New York landlords can mitigate this risk by requiring the owner of the LLC, or someone else with significant assets, to sign a “good guy guaranty” as part of the lease agreement. A good guy guaranty is essentially a limited personal guaranty — it typically requires the guarantor to guaranty all rent and additional rent up until the date that the tenant vacates the premises (if the tenant provides notice of its intention to surrender of the premises, leaves the premises in good condition, and satisfies any other conditions). If the tenant satisfies these conditions, then the guarantor will not be held responsible for any future rent due under the lease. As a result, if the tenant fails to pay all rent due, then the landlord may seek to recover the unpaid rent and other damages from both the tenant and the guarantor, increasing the likelihood that the landlord will be paid all of the rent due through the date the tenant surrendered the premises.

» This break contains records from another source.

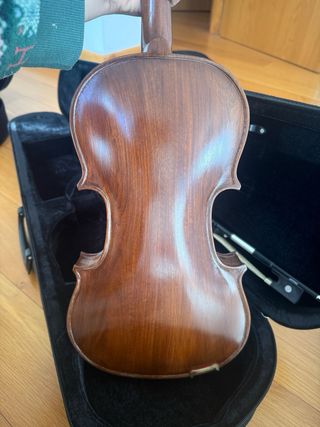 Violin profesional de luthier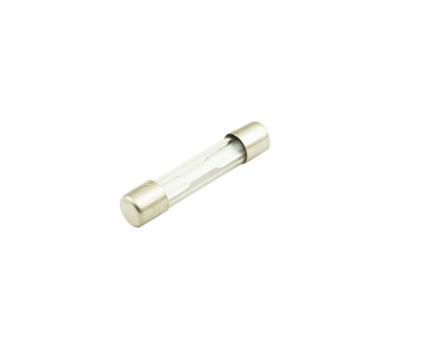 Glass Fuse 10 A 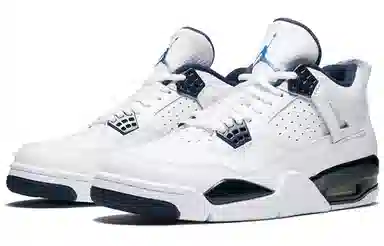 Jordan Air Jordan 4 Retro Columbia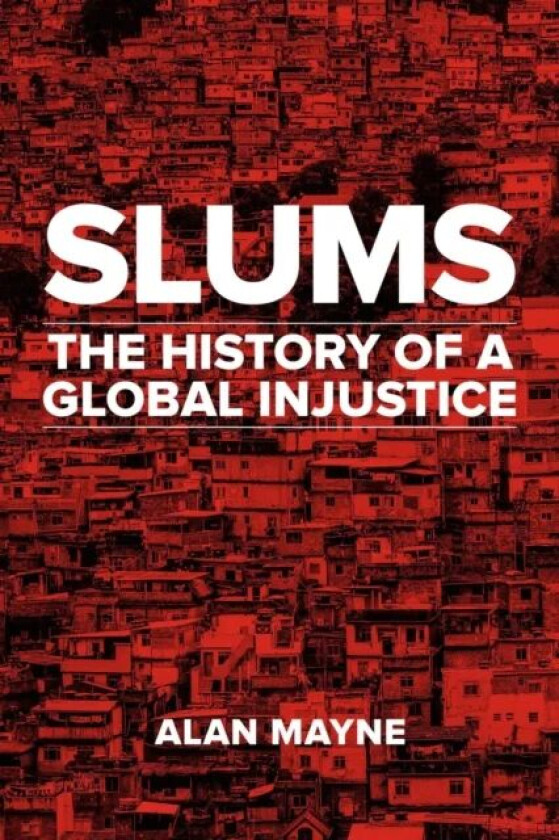 Slums av Alan Mayne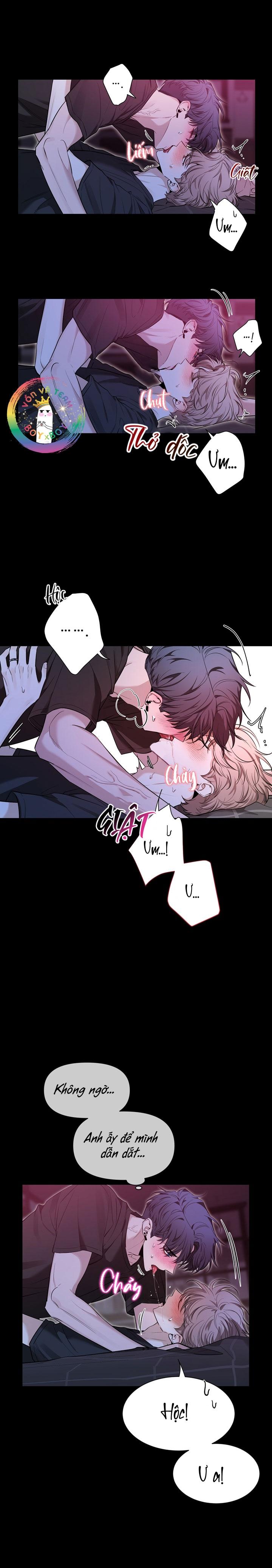 SKETCH Chapter 95 Sục sục - Next Chapter 96 Chịch tanh bành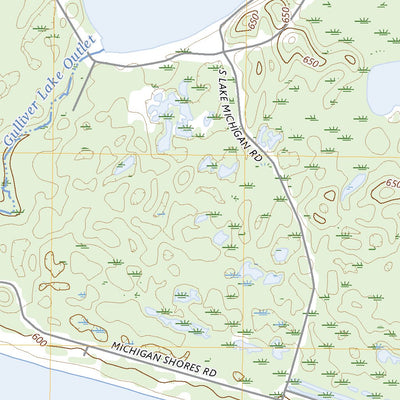 Gulliver, MI (2023, 24000-Scale) Preview 3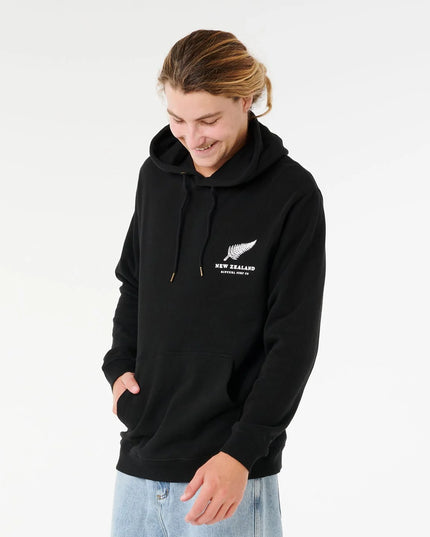 Rip Curl - Road Trip Fleece Hood NZ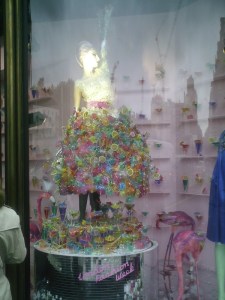 London 19 september 2007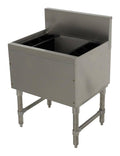 24x22 Ice Chest Q169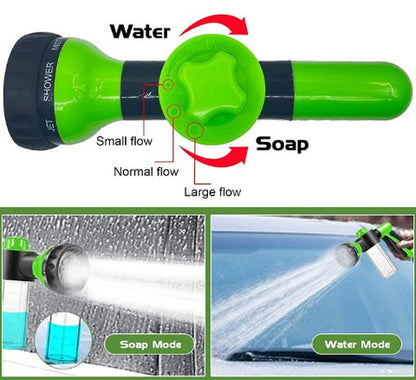 Hydro Paw Hose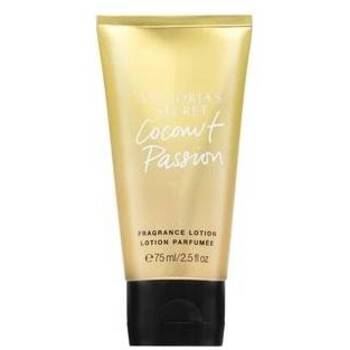 Coconut Passion Telové mlieko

Although good guy guaranties are commonplace in New York commercial real estate leases, things can go astray if the landlord is not thorough and diligent in preparing the terms of the guaranty. In order to avoid some basic issues from arising, landlords should consider the following:
1. Due Diligence: Review the guarantor’s financials and make sure that the guarantor has sufficient assets to cover any damages in case the tenant defaults.
2. Gather Information: Collect as much personal information from the guarantor as possible, including Social Security numbers, addresses, and any other financial information about the guarantor prior to signing the lease. This way, if you later sue and obtain a judgment against the guarantor, you will already have valuable information that will help you collect on your judgment.
3. Extrapolate Hypotheticals: Consider different issues that might occur if the tenant defaults under the lease, and how those scenarios would play out under the terms of the lease and the guaranty. For example, if a tenant defaults, the broker who found the tenant will still need to be paid commissions for the duration of the lease; does the guaranty include repayment of a portion of the broker’s commission?
4. Income Stream: Be sure to include provisions that allow sufficient notice and sufficient payment to you from the guarantor in the event that the tenant seeks to surrender possession of the premises. For example, the good guy guaranty may require the tenant to provide 90-days’ notice prior to surrendering the premises, so that the landlord has time to try and find a new tenant to maintain its income stream. In that case, as long as the guarantor complies with its obligations under the good guy guaranty and makes all payments through the 90 day notice period, the guarantor is off the hook. If the landlord wishes to recover future rents due under the lease, its only recourse is to go after the tenant — usually a failed LLC that has gone out of business.
While taking these considerations into account is a good start to ensuring a profitable lease, don’t go at it alone. With the help of an experienced attorney, landlords can significantly reduce the risk of losing a substantial amount of money when tenants default on their obligations under commercial leases.